By Gina Bria
New York, USA
Thank you Harvard neuroscience researchers, for discovering that the human brain processes, on average, 60,000 thoughts a day. I know my own brain assails me with an onslaught of streaming ideas every waking moment. Ironically, the Harvard discovery comes just after I discovered the truth that I am not my thoughts—though I often feel caged by them. Thoughts, in reality, are so infected with reaction, language, and culture that they are not the best guide to my vast inner cosmos otherwise known as my identity.
As an anthropologist, I have long been aware that as human cultures go ours is a particularly inhuman and inhumane one. The no-mercy measure of education, achievement, fame, and lust banish any thought of success on a community level. Our culture conditions us for competition so much that identity-formation generally comes at someone else’s expense. Our reality is that we succeed because someone else didn’t catch a break. Since everybody has to be on top to be “somebody,” there’s no communal foundation to hold us up. Hence, the precipitous and constant buzz of anxiety in our daily lives as we wait for the crash.
Amidst all this noise, what I really miss are the old rituals that helped other cultures find identity for their members. Ritual, in anthropological logic, helps you find yourself, your vision, your place.

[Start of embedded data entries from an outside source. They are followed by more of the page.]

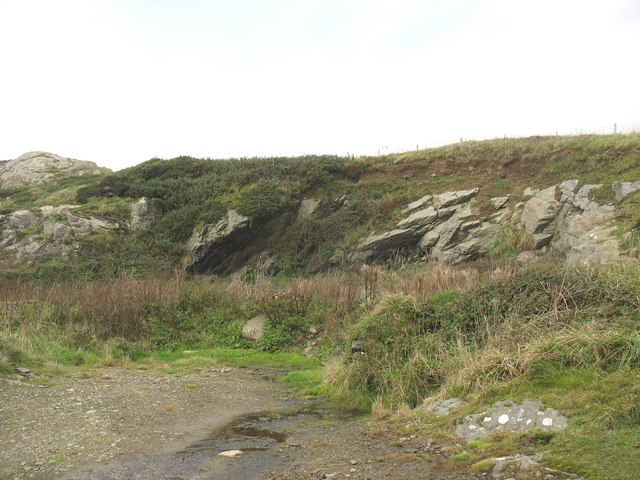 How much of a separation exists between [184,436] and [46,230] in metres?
23.9

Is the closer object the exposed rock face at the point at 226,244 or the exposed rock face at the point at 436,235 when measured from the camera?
the exposed rock face at the point at 436,235

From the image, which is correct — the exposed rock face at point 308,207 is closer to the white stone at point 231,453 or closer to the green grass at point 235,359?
the green grass at point 235,359

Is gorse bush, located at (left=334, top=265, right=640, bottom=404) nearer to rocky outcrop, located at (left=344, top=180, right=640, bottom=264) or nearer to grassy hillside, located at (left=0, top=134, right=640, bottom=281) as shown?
rocky outcrop, located at (left=344, top=180, right=640, bottom=264)

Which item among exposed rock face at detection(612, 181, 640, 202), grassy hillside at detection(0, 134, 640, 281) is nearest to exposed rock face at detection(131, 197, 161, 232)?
grassy hillside at detection(0, 134, 640, 281)

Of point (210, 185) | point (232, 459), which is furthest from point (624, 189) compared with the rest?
point (210, 185)

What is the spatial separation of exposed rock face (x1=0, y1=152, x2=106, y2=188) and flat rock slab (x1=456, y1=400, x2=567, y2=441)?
38083mm

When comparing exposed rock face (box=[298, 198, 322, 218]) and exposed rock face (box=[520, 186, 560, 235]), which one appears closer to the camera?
exposed rock face (box=[520, 186, 560, 235])

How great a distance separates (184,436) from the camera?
29.8 ft

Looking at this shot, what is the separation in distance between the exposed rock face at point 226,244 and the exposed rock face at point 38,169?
1651 cm

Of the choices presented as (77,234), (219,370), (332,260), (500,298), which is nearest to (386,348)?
(500,298)

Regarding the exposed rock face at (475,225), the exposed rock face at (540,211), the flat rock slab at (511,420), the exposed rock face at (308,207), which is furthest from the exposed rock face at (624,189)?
the flat rock slab at (511,420)

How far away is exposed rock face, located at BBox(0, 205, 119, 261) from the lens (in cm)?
2877

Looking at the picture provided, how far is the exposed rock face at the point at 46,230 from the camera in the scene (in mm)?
28766

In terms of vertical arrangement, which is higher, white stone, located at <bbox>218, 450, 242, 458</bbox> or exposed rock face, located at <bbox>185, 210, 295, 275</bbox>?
exposed rock face, located at <bbox>185, 210, 295, 275</bbox> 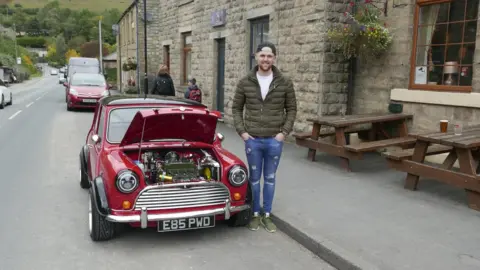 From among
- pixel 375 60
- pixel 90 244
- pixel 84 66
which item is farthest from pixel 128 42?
pixel 90 244

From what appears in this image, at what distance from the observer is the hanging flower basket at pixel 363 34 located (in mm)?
8594

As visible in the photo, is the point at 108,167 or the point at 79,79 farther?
the point at 79,79

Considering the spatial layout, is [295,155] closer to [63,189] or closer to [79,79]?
[63,189]

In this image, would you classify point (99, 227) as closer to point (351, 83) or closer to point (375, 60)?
point (375, 60)

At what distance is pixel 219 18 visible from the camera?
1456 cm

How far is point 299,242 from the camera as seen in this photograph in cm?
499

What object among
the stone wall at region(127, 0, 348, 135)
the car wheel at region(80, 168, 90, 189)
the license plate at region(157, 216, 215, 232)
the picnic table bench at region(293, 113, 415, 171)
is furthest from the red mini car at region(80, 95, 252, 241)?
the stone wall at region(127, 0, 348, 135)

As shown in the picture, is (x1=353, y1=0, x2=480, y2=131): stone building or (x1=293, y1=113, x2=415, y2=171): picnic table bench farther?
(x1=293, y1=113, x2=415, y2=171): picnic table bench

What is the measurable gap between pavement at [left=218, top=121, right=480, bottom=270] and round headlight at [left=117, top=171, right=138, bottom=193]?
1879 mm

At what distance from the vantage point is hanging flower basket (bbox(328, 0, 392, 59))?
338 inches

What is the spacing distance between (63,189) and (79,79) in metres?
14.7

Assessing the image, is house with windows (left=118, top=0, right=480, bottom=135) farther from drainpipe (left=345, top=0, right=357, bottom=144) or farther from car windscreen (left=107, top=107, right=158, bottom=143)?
car windscreen (left=107, top=107, right=158, bottom=143)

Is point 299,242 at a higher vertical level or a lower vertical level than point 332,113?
lower

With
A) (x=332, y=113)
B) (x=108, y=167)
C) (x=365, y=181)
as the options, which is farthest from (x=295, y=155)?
(x=108, y=167) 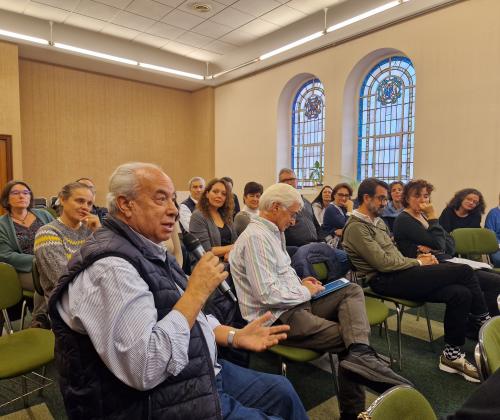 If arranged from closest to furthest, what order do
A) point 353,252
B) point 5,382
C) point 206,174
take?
point 5,382 < point 353,252 < point 206,174

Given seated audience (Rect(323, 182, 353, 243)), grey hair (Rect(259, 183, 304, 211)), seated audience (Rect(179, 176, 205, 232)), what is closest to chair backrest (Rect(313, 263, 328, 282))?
grey hair (Rect(259, 183, 304, 211))

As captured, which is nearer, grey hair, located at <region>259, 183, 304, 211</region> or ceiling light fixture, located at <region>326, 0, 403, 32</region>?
grey hair, located at <region>259, 183, 304, 211</region>

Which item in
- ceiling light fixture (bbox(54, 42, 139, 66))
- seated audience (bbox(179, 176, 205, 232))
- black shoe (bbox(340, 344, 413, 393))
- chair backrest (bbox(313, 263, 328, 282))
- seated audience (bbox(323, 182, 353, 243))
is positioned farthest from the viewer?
ceiling light fixture (bbox(54, 42, 139, 66))

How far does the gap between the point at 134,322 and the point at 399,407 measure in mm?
691

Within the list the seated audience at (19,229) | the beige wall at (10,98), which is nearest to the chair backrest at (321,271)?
the seated audience at (19,229)

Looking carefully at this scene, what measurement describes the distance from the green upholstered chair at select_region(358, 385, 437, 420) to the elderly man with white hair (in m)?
0.82

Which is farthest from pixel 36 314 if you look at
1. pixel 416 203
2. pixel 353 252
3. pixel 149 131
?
pixel 149 131

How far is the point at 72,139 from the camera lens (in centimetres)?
839

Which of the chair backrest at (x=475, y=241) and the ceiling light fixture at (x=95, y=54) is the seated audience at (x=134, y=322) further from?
the ceiling light fixture at (x=95, y=54)

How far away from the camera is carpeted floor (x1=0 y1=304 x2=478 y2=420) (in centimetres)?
204

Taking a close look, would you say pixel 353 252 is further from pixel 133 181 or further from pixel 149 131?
pixel 149 131

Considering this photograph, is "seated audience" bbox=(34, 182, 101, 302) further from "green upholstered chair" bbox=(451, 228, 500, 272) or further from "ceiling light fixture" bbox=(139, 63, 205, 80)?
"ceiling light fixture" bbox=(139, 63, 205, 80)

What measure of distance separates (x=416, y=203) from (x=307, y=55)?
537cm

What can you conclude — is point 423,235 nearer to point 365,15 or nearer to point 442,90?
point 442,90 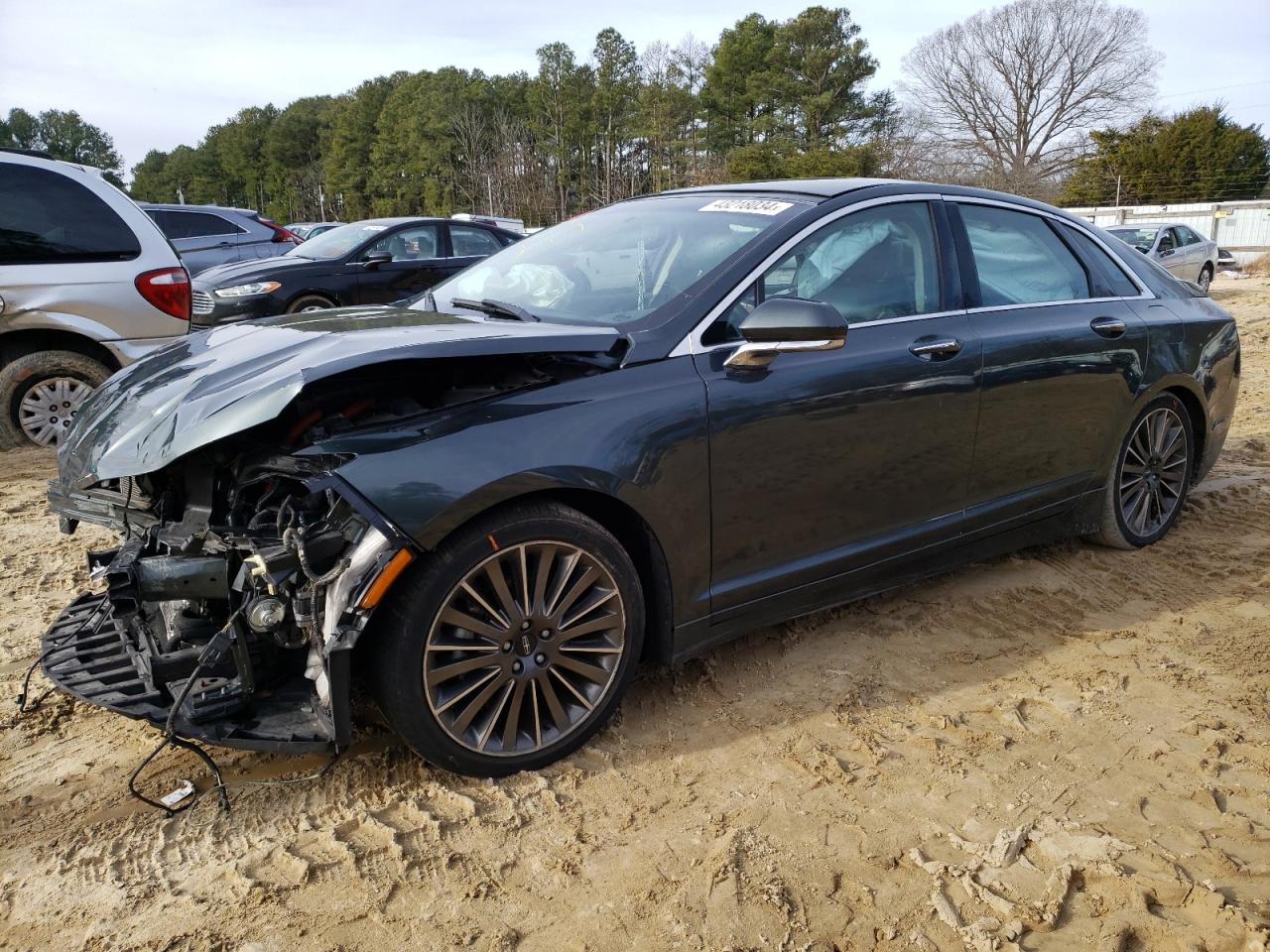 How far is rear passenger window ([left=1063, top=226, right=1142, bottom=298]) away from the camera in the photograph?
13.9 feet

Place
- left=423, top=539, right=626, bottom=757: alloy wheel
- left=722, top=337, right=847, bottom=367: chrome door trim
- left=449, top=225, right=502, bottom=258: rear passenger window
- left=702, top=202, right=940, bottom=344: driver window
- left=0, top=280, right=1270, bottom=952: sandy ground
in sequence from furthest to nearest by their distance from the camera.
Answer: left=449, top=225, right=502, bottom=258: rear passenger window
left=702, top=202, right=940, bottom=344: driver window
left=722, top=337, right=847, bottom=367: chrome door trim
left=423, top=539, right=626, bottom=757: alloy wheel
left=0, top=280, right=1270, bottom=952: sandy ground

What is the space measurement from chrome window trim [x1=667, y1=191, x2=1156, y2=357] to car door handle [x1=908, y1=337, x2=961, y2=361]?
0.10 metres

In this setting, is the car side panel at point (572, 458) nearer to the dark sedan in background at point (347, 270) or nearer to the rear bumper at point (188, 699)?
the rear bumper at point (188, 699)

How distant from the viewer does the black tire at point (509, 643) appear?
8.02 ft

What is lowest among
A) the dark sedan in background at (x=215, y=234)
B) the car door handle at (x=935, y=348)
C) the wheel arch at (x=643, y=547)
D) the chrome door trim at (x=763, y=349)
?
the wheel arch at (x=643, y=547)

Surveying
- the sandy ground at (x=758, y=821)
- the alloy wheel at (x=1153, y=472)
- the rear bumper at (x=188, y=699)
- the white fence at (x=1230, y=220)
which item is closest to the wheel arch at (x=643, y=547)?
the sandy ground at (x=758, y=821)

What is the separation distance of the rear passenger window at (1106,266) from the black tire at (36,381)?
5.92 m

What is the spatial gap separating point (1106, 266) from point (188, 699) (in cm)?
416

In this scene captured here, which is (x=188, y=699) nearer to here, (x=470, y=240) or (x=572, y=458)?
(x=572, y=458)

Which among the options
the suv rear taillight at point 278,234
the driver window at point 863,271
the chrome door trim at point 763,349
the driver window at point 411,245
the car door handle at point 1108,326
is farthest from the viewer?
the suv rear taillight at point 278,234

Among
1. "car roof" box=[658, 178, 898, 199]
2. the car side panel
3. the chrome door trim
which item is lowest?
the car side panel

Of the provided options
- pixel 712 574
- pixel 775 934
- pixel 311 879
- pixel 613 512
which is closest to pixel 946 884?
pixel 775 934

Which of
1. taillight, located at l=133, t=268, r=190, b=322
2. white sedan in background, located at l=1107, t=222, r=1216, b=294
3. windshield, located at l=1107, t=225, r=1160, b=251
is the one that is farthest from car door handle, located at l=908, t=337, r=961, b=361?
windshield, located at l=1107, t=225, r=1160, b=251

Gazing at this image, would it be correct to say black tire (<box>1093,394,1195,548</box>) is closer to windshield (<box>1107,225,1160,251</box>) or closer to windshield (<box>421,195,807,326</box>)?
windshield (<box>421,195,807,326</box>) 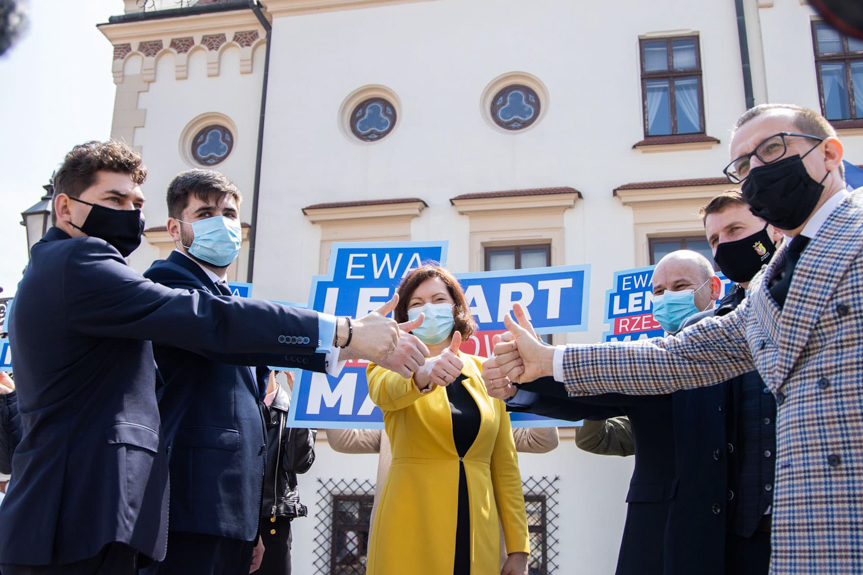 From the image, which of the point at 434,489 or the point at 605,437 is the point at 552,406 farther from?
the point at 605,437

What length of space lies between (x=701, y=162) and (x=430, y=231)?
4.00 meters

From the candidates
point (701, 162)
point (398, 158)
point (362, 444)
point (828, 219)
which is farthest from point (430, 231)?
point (828, 219)

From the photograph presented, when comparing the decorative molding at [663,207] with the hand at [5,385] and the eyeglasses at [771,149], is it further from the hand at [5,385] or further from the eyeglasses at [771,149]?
the eyeglasses at [771,149]

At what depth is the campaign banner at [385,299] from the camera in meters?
5.57

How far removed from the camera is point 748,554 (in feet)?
8.54

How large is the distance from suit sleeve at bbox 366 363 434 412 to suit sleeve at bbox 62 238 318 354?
2.17ft

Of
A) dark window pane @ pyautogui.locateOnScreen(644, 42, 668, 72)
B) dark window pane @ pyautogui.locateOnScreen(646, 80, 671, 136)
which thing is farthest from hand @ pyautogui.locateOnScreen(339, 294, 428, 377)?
dark window pane @ pyautogui.locateOnScreen(644, 42, 668, 72)

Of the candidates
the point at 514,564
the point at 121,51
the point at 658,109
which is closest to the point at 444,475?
the point at 514,564

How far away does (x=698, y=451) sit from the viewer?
2828mm

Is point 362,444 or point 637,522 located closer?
point 637,522

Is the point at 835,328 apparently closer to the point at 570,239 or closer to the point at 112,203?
the point at 112,203

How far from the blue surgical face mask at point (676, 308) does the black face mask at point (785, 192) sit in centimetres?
183

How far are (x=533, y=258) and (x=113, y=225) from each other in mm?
9136

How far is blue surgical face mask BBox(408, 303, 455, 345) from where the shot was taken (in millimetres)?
3799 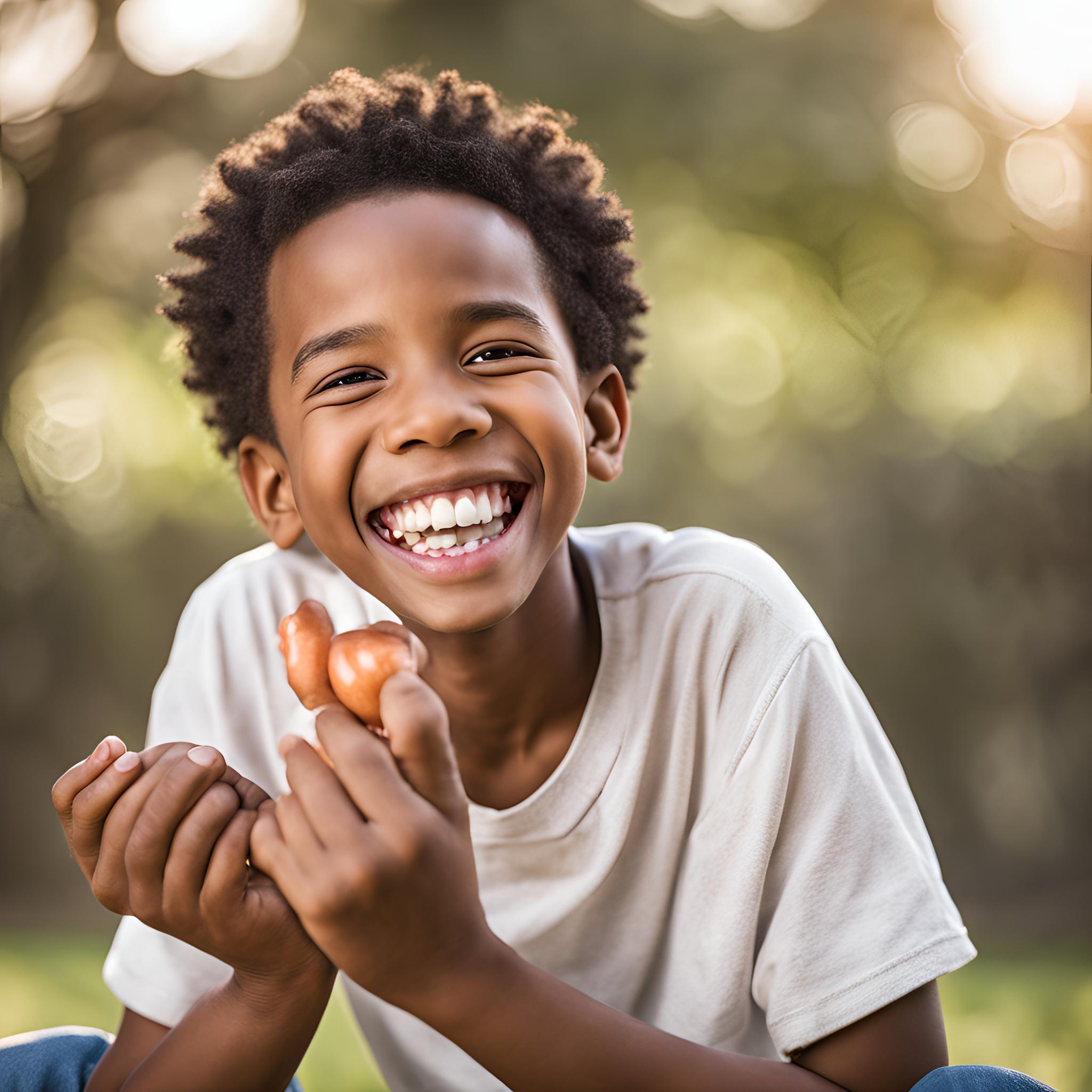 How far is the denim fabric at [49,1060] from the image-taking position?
930 mm

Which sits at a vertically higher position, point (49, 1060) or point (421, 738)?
point (421, 738)

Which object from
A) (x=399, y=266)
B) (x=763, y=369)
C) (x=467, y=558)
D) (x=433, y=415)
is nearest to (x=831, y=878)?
(x=467, y=558)

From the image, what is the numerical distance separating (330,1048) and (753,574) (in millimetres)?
1371

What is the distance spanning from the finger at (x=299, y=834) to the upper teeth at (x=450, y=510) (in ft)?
0.94

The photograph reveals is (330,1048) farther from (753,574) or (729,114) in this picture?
(729,114)

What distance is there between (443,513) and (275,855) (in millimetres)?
320

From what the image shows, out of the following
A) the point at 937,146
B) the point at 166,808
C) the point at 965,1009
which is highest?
the point at 937,146

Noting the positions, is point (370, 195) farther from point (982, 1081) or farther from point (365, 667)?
point (982, 1081)

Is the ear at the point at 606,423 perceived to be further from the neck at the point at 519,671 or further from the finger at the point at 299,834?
the finger at the point at 299,834

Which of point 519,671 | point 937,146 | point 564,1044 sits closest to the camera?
point 564,1044

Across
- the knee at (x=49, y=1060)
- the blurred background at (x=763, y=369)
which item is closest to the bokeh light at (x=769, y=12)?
the blurred background at (x=763, y=369)

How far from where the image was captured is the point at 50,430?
2232 millimetres

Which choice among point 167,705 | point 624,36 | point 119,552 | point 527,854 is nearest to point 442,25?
point 624,36

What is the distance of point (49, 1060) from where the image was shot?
0.97m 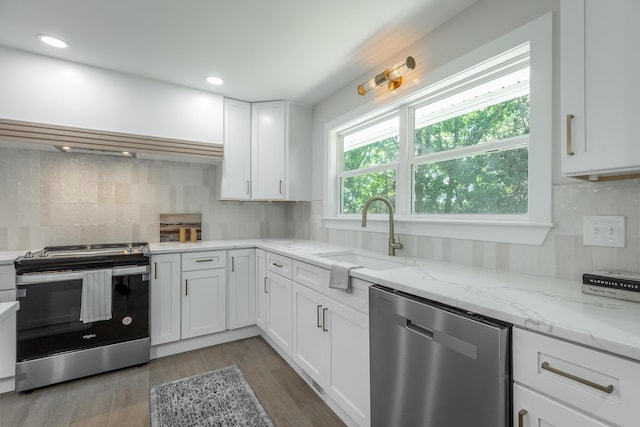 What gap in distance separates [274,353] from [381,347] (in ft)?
5.09

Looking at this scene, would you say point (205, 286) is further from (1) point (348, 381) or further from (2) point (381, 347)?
(2) point (381, 347)

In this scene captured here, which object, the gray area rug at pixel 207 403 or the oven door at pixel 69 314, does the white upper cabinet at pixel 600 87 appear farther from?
the oven door at pixel 69 314

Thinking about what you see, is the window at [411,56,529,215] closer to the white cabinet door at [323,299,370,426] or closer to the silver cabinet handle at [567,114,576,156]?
the silver cabinet handle at [567,114,576,156]

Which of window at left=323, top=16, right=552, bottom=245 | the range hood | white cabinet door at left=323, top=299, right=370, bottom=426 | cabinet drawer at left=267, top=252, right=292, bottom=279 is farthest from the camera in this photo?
cabinet drawer at left=267, top=252, right=292, bottom=279

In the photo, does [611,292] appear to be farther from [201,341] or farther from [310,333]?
[201,341]

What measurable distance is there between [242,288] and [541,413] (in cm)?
246

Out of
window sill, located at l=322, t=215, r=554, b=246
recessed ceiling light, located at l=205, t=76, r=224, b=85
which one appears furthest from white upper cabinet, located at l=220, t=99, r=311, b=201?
window sill, located at l=322, t=215, r=554, b=246

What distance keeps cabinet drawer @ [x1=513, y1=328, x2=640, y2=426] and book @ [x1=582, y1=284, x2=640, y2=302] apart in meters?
0.43

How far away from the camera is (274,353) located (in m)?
2.62

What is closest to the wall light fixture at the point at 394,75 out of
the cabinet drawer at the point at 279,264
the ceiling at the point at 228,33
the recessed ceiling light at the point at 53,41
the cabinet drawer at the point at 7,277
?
the ceiling at the point at 228,33

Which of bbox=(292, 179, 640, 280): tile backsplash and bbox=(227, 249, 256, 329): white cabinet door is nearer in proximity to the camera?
bbox=(292, 179, 640, 280): tile backsplash

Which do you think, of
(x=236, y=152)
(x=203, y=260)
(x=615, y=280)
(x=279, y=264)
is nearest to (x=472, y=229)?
(x=615, y=280)

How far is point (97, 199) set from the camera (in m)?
2.73

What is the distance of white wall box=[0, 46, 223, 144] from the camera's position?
216 cm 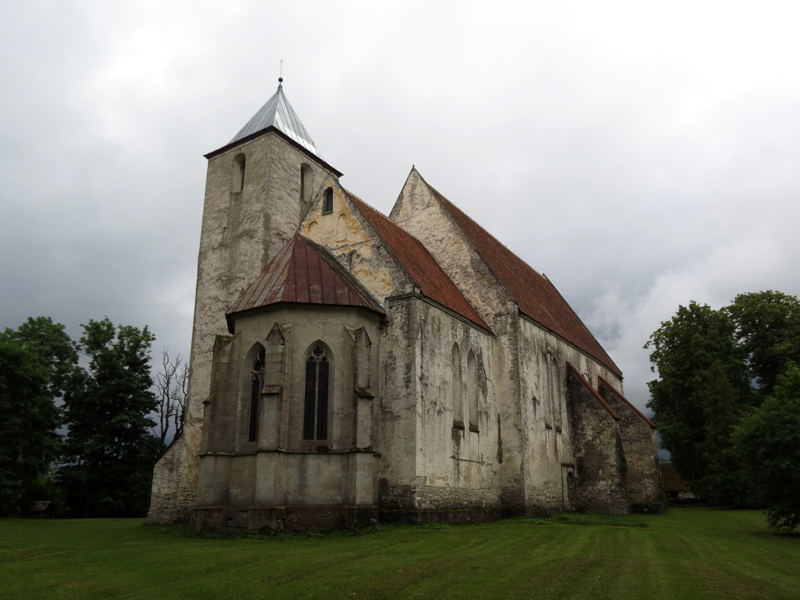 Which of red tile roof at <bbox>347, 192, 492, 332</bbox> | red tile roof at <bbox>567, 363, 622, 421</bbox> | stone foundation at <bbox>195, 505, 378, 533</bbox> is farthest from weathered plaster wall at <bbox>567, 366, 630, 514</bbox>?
stone foundation at <bbox>195, 505, 378, 533</bbox>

Since today we don’t get the kind of communal support for identity assistance that ritual has so long supplied throughout cultural history, it falls upon us to make it up ourselves. In a way, we are already doing it by creating new rituals to fulfill our longing to be someone of value, someone needed by those around us. The rituals of Facebook posting (see me, I’m real!); the self-surveillance of reality TV; everybody’s fifteen minutes of fame (I WAS somebody); are to anthropologists and other social observers clearly identity-formation aids. Sociologist Erving Goffman, an observer extraordinaire, used to call this stuff identity equipment. I love that phrase. If a cell phone isn’t identity-equipment, I’ll repay my student loans.
All well and good, but I’d like to give the body a chance to step in, too. To say that we are our bodies immediately brings to mind the necessity for slim-fit jeans. Please. Our bodies are the generators, conduits, and carriers of our emotions—e-motions , motion that propels us. They are our deepest well-source of energy. Our thoughts don’t get us out of bed—if anything they keep us there! We are not our thoughts. Rather, it’s how we feel about the day that puts our feet on the floor. We all know the push/pull effect of emotions, and we have all experienced their hidden dynamics. Think of low-grade procrastination as opposed to the endless energy of first-time love. We even use thoughts to veil emotions that might overwhelm us. But why can’t we shape our energy, our e-motions, in the same way we shape our thoughts through education, practice, and self-ritual?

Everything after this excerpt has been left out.